Hyperspace (14 page)

In “The Monster from Nowhere,” writer Nelson Bond tried to imagine what would happen if an explorer in the jungles of Latin America encountered a beast from a higher dimension.

Our hero is Burch Patterson, adventurer, bon vivant, and soldier of fortune, who hits on the idea of capturing wild animals in the towering mountains of Peru. The expedition will be paid for by various zoos,
which put up the money for the trip in return for whatever animals Patterson can find. With much hoopla and fanfare, the press covers the progress of the expedition as it journeys into unexplored territory. But after a few weeks, the expedition loses contact with the outside world and mysteriously disappears without a trace. After a long and futile search, the authorities reluctantly give the explorers up for dead.

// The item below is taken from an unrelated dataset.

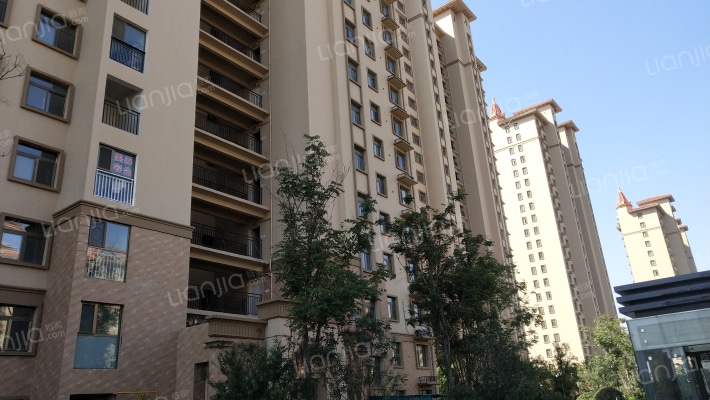 中南世纪星城外景图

Two years later, Burch Patterson abruptly reappears. He meets secretly with reporters and tells them an astonishing story of tragedy and heroism. Just before the expedition disappeared, it encountered a fantastic animal in the Maratan Plateau of upper Peru, an unearthly bloblike creature that was constantly changing shape in the most bizarre fashion. These black blobs hovered in midair, disappearing and reappearing and changing shape and size. The blobs then unexpectedly attacked the expedition, killing most of the men. The blobs hoisted some of the remaining men off the ground; they screamed and then disappeared into thin air.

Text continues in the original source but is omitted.